Lately I’ve been paying a lot more attention to those Ghost shows on TV. You know, the ones where everybody is holding some sort of Ghost-Buster-style PKE (psycho kinetic energy) detector. In the low light everybody looks green ,with glowing eyes. Then, ALL OF A SUDDDEN, the camera fast pans to a chair in the corner where “somebody saw something”. Cut to commercial. When we come back from the commercial break we see most of the same footage again and the narrator asks, in forty different ways, if what they saw was a ghost. That’s entertainment?
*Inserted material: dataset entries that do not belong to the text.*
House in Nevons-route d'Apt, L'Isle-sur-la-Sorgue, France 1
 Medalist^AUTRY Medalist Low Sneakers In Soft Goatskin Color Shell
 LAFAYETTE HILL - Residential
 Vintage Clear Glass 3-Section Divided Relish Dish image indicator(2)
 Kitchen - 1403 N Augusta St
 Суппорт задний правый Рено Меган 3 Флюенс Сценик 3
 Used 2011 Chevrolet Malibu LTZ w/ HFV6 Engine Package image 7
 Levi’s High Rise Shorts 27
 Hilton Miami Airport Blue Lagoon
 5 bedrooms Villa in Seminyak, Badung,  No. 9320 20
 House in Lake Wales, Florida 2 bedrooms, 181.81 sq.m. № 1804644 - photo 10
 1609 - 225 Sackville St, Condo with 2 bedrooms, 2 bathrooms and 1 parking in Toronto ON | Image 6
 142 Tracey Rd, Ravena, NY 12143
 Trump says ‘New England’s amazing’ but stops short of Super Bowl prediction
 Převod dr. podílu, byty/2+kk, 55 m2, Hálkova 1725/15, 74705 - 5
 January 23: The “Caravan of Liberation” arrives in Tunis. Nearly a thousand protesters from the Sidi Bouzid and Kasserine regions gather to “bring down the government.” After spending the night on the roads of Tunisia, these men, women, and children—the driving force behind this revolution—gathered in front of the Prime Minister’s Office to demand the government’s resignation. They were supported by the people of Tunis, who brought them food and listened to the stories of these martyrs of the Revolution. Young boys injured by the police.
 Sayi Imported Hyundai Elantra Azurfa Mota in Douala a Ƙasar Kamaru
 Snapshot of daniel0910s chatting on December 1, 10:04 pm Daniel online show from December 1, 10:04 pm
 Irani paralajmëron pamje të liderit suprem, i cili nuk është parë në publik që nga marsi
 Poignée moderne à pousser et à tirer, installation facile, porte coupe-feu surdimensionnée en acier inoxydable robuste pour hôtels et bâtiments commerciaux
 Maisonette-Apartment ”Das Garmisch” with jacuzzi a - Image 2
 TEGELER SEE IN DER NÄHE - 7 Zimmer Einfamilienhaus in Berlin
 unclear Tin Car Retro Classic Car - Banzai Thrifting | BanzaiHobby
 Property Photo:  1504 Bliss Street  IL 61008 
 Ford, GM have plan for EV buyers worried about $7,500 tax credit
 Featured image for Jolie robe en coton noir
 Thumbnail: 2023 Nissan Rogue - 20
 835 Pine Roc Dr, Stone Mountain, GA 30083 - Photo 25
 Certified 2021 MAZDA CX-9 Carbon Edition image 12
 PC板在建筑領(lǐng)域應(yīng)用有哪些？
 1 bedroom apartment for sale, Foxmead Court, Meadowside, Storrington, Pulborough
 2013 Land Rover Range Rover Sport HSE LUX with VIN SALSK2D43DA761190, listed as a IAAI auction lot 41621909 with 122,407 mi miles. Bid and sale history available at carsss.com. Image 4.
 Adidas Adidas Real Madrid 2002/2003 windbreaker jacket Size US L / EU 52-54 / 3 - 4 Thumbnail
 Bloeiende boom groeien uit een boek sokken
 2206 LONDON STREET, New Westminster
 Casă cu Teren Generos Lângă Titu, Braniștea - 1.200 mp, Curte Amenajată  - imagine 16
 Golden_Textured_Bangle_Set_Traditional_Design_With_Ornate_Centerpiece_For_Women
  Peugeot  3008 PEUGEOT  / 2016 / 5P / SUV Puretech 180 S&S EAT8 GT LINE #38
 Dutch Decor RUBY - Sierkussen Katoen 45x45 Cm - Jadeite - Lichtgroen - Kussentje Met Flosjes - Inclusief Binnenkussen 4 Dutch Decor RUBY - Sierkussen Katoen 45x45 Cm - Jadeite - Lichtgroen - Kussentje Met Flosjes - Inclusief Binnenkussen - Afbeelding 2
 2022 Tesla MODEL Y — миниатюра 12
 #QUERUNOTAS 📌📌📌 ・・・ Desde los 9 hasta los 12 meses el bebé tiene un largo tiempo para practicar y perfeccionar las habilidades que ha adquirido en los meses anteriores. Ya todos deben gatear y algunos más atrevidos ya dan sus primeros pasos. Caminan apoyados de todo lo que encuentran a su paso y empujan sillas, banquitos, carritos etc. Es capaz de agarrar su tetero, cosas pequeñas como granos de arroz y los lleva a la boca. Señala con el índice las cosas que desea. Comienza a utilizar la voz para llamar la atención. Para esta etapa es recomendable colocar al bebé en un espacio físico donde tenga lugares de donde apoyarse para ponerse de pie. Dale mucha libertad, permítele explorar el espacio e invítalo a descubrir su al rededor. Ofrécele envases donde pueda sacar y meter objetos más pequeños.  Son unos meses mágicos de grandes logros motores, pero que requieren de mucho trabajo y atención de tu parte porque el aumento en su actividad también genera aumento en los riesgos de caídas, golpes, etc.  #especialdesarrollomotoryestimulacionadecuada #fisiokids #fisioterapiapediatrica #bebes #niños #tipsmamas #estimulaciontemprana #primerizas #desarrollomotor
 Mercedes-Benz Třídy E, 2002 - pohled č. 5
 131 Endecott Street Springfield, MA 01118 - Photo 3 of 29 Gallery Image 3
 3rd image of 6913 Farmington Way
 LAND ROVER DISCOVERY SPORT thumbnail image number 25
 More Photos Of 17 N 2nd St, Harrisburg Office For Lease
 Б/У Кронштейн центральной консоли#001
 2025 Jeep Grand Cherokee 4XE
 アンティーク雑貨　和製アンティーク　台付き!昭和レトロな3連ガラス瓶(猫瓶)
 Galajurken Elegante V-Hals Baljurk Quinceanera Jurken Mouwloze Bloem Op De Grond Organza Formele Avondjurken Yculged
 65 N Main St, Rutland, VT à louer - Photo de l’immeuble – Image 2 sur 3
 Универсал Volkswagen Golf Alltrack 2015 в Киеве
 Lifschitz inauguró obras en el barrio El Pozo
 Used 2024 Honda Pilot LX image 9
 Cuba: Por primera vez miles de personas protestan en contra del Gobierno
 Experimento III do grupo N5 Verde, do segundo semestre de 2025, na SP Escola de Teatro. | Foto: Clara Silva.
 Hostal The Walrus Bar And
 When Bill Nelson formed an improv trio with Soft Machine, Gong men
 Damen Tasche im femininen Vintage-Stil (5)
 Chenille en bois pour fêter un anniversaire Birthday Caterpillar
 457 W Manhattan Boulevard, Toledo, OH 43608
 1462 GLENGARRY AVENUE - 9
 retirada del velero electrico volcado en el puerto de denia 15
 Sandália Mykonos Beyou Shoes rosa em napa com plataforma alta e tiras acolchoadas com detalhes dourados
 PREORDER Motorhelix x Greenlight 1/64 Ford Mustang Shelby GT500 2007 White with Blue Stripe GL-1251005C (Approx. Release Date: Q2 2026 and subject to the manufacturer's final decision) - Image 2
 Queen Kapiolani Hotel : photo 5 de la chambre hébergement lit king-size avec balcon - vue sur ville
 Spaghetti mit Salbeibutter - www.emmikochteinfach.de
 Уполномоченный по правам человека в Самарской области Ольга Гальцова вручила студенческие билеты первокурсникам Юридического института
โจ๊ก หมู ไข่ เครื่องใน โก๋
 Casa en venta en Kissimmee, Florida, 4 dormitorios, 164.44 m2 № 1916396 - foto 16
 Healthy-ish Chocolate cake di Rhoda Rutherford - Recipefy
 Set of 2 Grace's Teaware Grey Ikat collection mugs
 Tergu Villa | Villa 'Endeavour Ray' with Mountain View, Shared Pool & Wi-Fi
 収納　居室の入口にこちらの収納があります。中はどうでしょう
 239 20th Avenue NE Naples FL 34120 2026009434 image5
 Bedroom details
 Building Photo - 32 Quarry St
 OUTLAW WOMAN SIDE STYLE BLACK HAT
I’m not against ghost shows, but I’d much rather tune in to watch real people take on the challenge of spending a night or two all alone in a haunted place. Here’s how it would work. We take our victim to a remote location, preferably at least 5 or 10 miles away from any type of civilization, and drop him/her in a house or a cabin to spend the night. On the way out the victim is informed of the haunted history of the place, along with the names and documented appearances of any ghosts that inhabit it. We rig cameras everywhere, drive away, and let the fun begin.
Even if no ghosts show up, how freaked out could one person get when they are truly alone in the dark? I know, first hand. One night, in just such a remote cabin, I was sleeping alone in a bed. In the same room, one bed over, a couple of my buddies were slumbering (they drew the short straws and had to share a bed). The generator was off. There was no moon. It was DARK in the room. In the middle of the night I felt the unmistakable presence of a giant tarantula crawling up my thigh. I woke up screaming, leaped to my feet, and dove across the space to land on my buddies. “SPIDER! HUGE SPIDER!!” After they recovered from the shock of me jumping on them we got out the flashlights to find the beast.
Nothing. There was definitely no spider in the room of any size. I thought about it for a while and then recalled the position I had been sleeping in: fetal,with my hands straight down, right next to my thighs. I was the spider. Or, rather, my fingers and brain had conjured it in the dark, eerie silence of the cabin. I’m just glad I didn’t have a gun. What if I had tried to shoot it?
So that’s my formula for a ghost show. Plant the idea, isolate the person, and let their imagination take them where it will. Any volunteers?